Built in the early 1930s, Allegheny River Boulevard reflected an early stage of America's romance with the automobile -- a time when the journey was as important as the destination. As with other roads built in that spirit (Bigelow Boulevard being another local example), road planners sought to create a road that you wouldn't want to speed along. And so they graced the roadsides with ribbons of greenspace ... and on Allegheny River Boulevard, they built scenic little turnoffs for drivers to stop and admire the view.

Scenic views were in short supply in early 20th-century Pittsburgh. But the banks of the Allegheny, with their views of wooded riverbanks and even the occasional island, offered an unrivaled opportunity for local motorists to appreciate their natural surroundings. The only downside: Nature kept getting in the way of our attempts to enjoy it.

As the Pittsburgh Press noted in 1929, "[t]he task of cutting a modern boulevard through country where nature made no provision for it" wasn't easy. "[H]alf of the boulevard will be constructed where in some places even a footpath would have been dangerous before," the story read. In fact, a handful of workers had been injured just trying to survey the route. Hillsides had to be blasted, hundreds of thousands of cubic yards of earth had to be moved.
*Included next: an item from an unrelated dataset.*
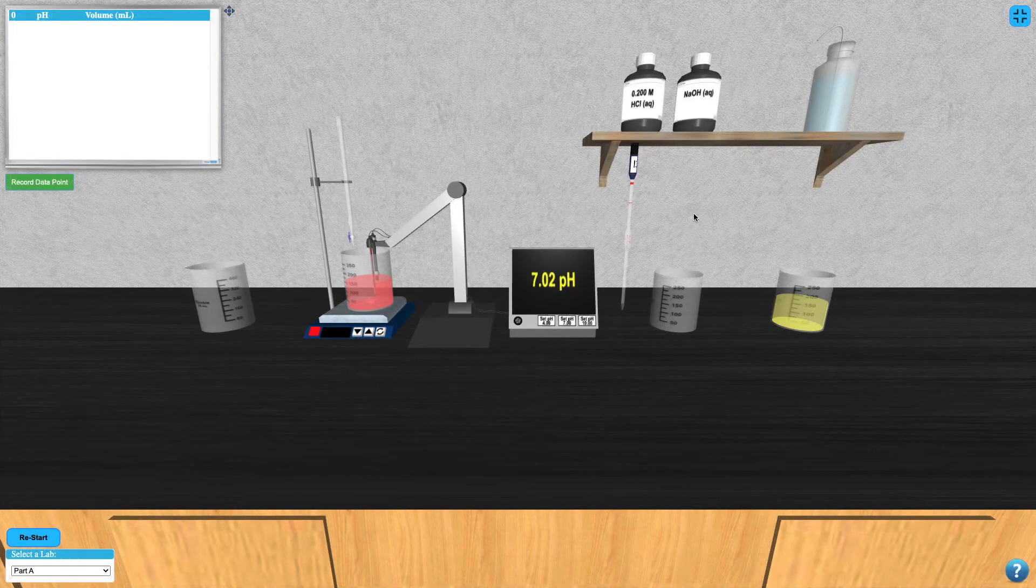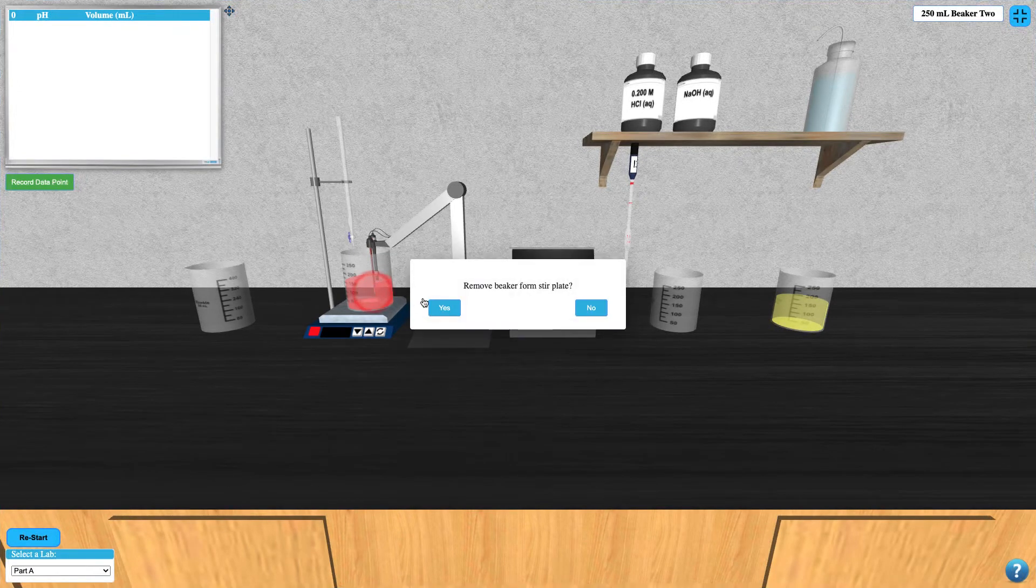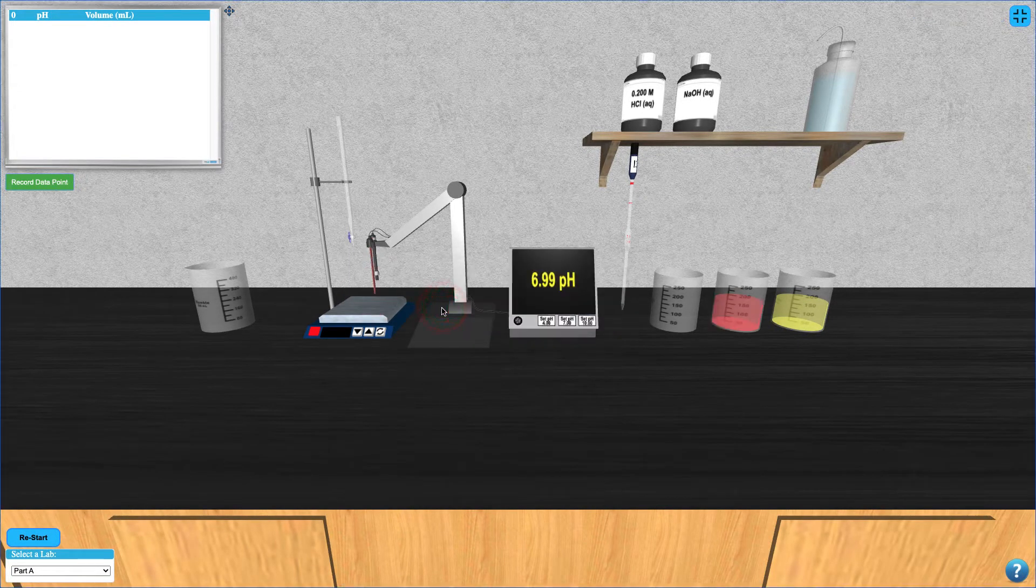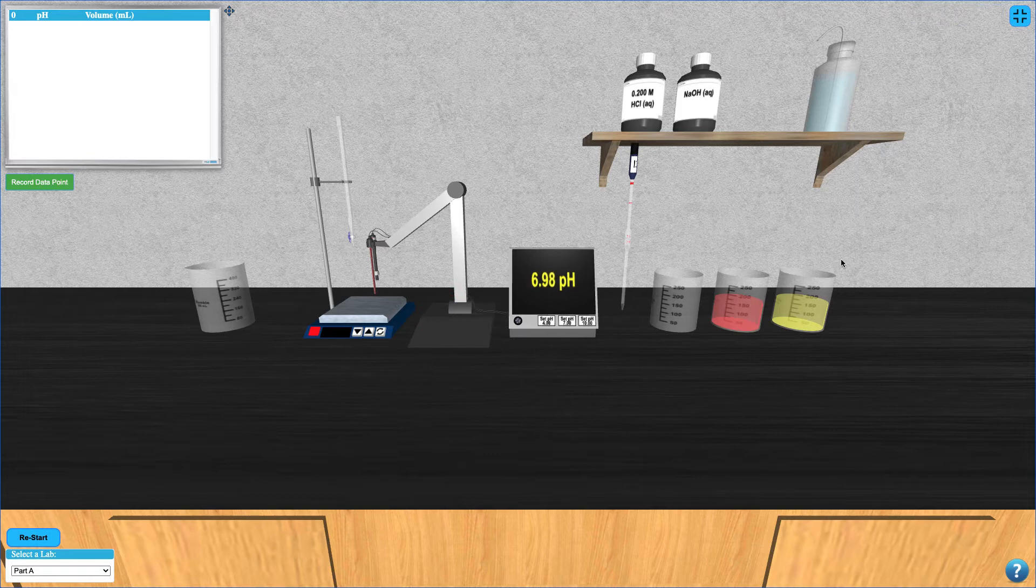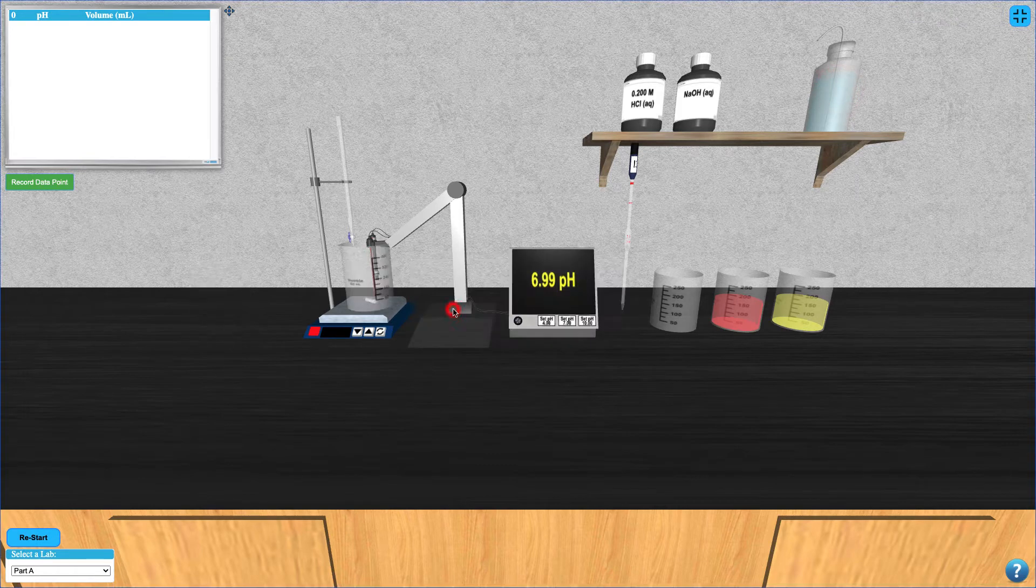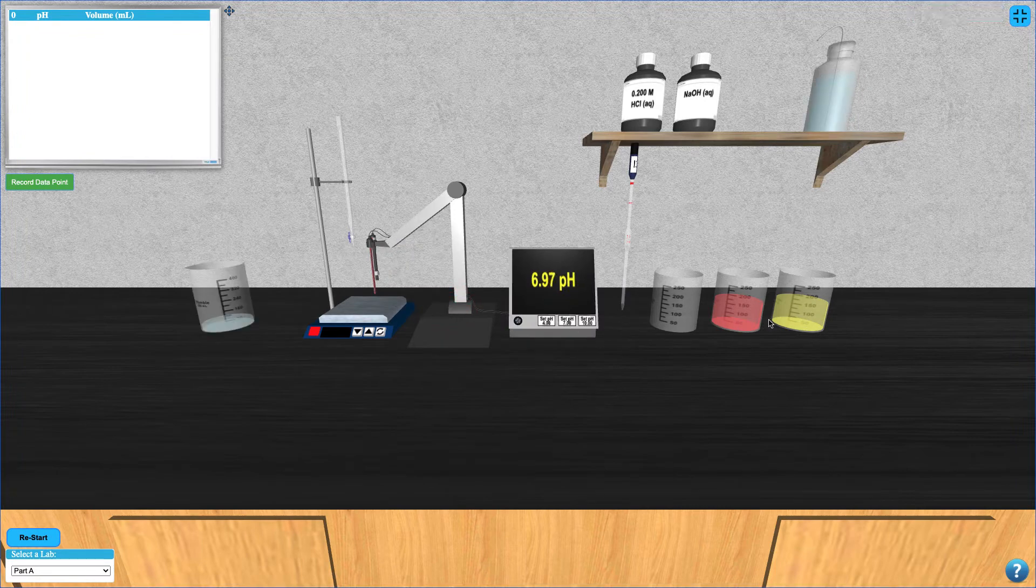To begin, click on the beaker with the pink liquid to remove it from the stir plate. This liquid is used to store the pH electrode so it doesn't dry out. Next, click on the deionized water bottle to give the pH meter a rinse.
When all this construction was finished, county officials decided, people should have the chance to appreciate the environment they'd just blasted the hell out of. A Sun-Telegraph article written in 1931 sums up the spirit, if not the grammar, of the time: "In few places in this district is finer scenery than the river views along the new Allegheny River boulevard. ... Picturesque stone stop-over platforms are situated at intervals along the bolevard [sic] where motorists may park and contemplate the river scenery."

The road's 4.5 miles included eight such platforms, often called "observational turnoffs" (a phrase which puts me in mind of drunken couples making out atop Mount Washington). As a statewide preservation group, Preservation Pennsylvania, has put it, the idea was to provide drivers with a route "leisurely paralleling the river [and with] opportunities to park and view the river and its islands." The turnouts included "stone walls, a continuous alley of London Plane trees, picnic areas, and pylons along the road's course."

But although it was paved with good intentions, for years the boulevard presented a hellish problem. In their rush to enjoy the scenery, it seems, the county officials who built the road forgot one little detail: They didn't buy the land needed for a crucial link near the intersection with Nadine Road. The Pennsylvania Water Company, which operated a pumping station nearby, hadn't formally agreed to sign over the land.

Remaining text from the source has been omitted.